Page:Bertaut - Les Œuvres poétiques, éd. Chenevière, 1891.djvu/540

Cette page n’a pas encore été corrigée

Il ne faut pas qu’en jeux, et sans fruict dépendu,
Il soit comme de l’eau sur la terre épandu,
Cela dit, craignant plus l’abus que le dommage,
Qu’il le vouë au seigneur comme à son droit usage.
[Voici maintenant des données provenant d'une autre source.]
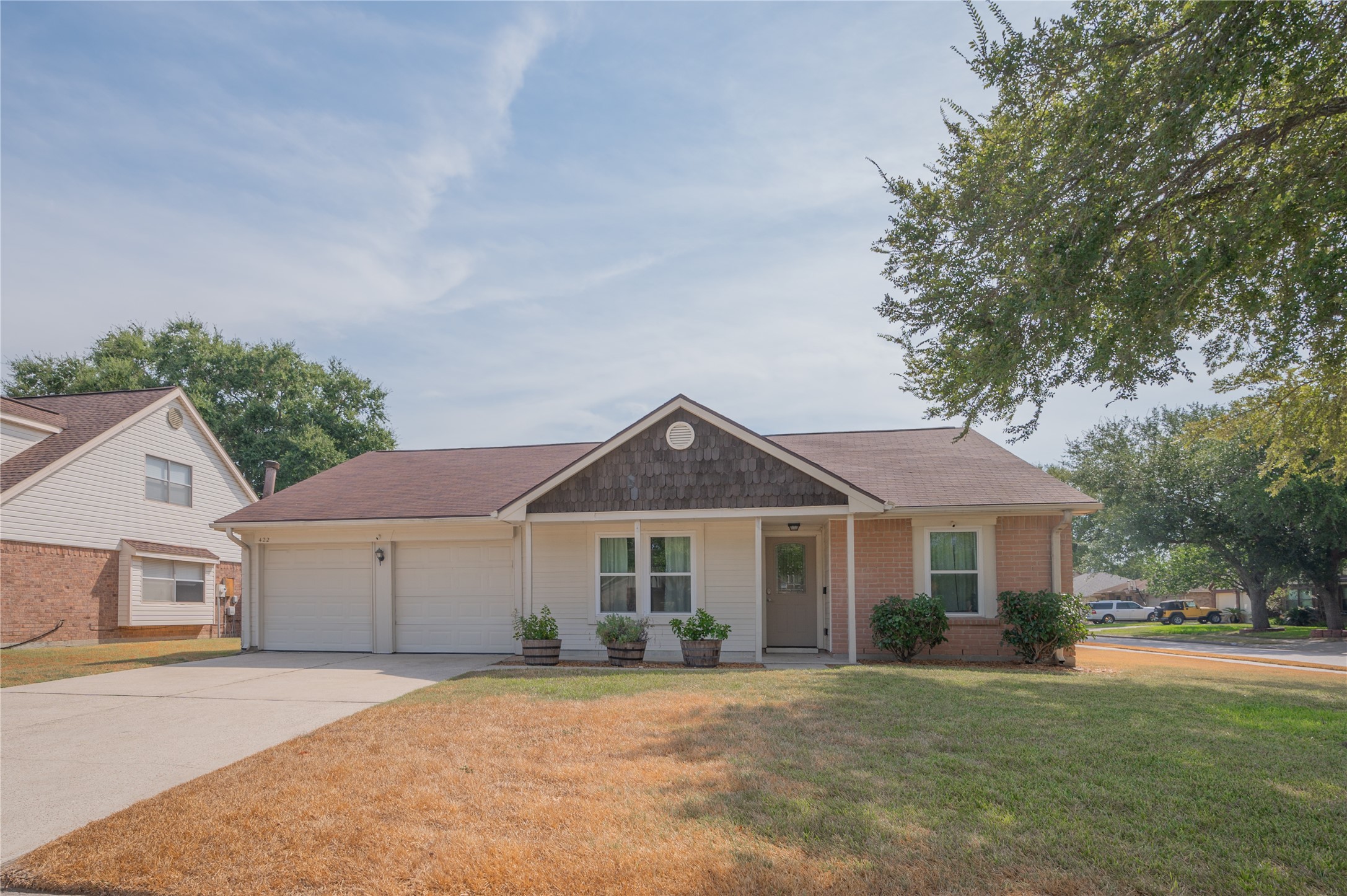 422 Meadowpoint Drive League City TX 77573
Et c’est le luy vouër, et le rendre sacré
D’une espece de vœu que ses yeux ont à gré,
Que de le consumer és royales dépenses,
Ou que tout un royaume a pour seules deffences :
Ou de qui la splendeur faict eternelle foy
De la bonté, sagesse, et pieté d’un roy.
C’est pourquoy, que sa main ne soit jamais fermee
À celles dont le lustre orne la renommee :
À bastir des palais où luise sa grandeur,
Mais où l’utile usage égalle la splendeur :
Donner un dos de pierre aux grands chemins publiques :
En aqueducts et ponts égaller les antiques :
Fonder des hospitaux, ou renter les fondez :
Braver l’humide orgueil des fleuves débordez,
Avec le fort rempart des publiques chaussees :
Deffendre ainsi ses ports des vagues courroucees :
Bastir de grands ouvroirs aux mestiers des neuf sœurs :
Avancer leurs beaux arts : doter leurs professeurs,
Et prendre en des biens-faits, comme en des rets vivantes,
Et les vaillants esprits, et les ames sçavantes.
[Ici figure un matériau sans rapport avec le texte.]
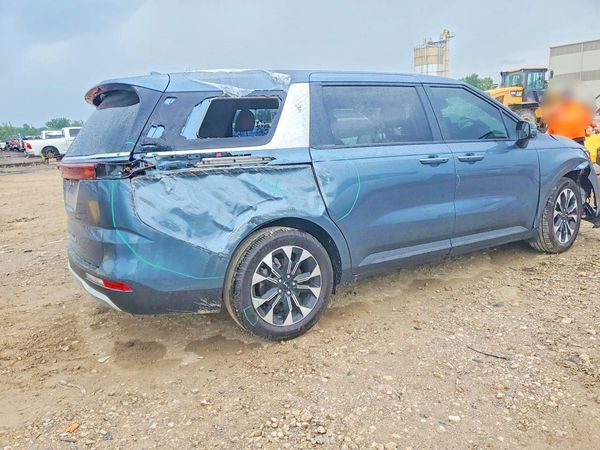 2022 KIA CARNIVAL EX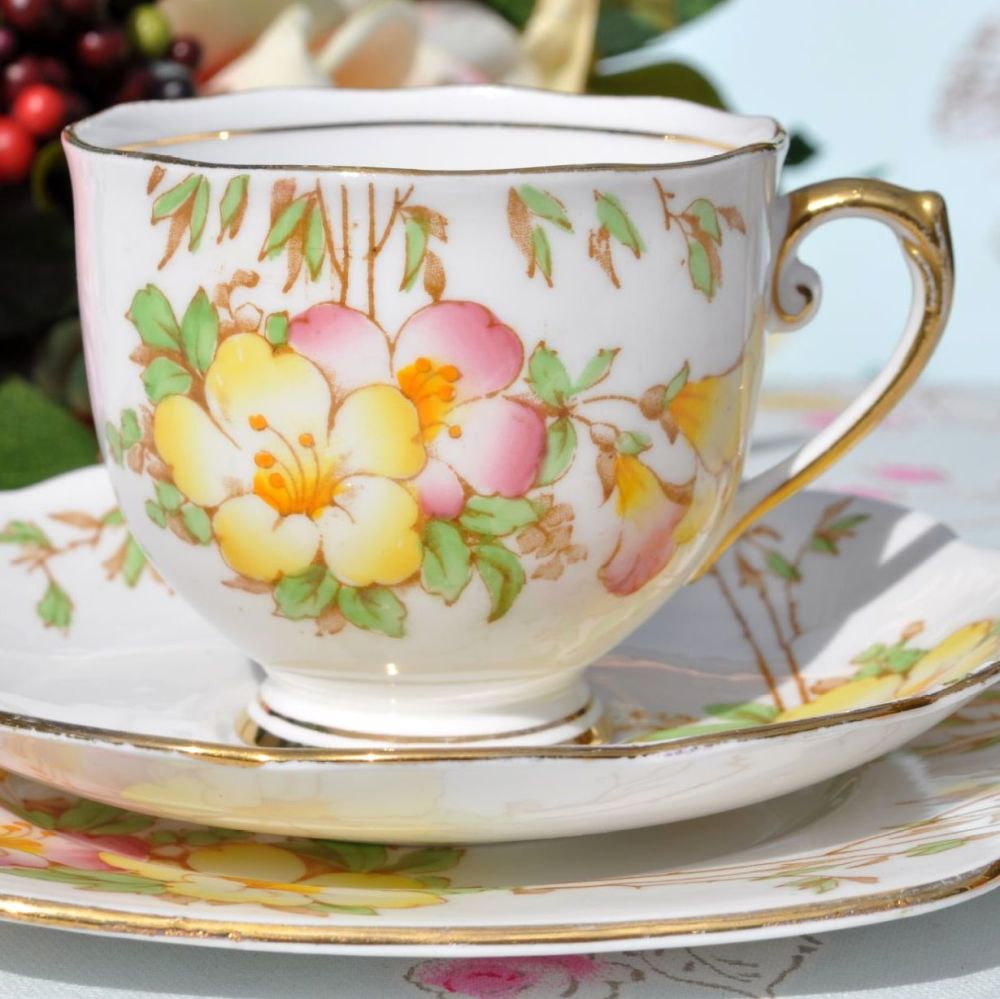 Roslyn Azalea Vintage China Teacup Trio c.1937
Mille et mille beaux vers diversement chantez
Ont publié la foy, la valeur, les bontez,
La clemence, et l’esprit de nostre grand monarque,
Selon qu’un docte vent en a poussé la barque :
Mais nulle voix n’a faict, en vers graves ny doux,
Le los de sa largesse encor bruire entre nous ;
Quoy qu’un million d’or, somme plus que royalle,
S’épande tous les ans de sa main liberale,
Sur ceux que sa bonté luy faict favoriser,
Ou leurs propres vertus diversement priser.
Qui de ses devanciers franchit onc ces limites,
Soit voulant obliger, soit donnant aux merites ?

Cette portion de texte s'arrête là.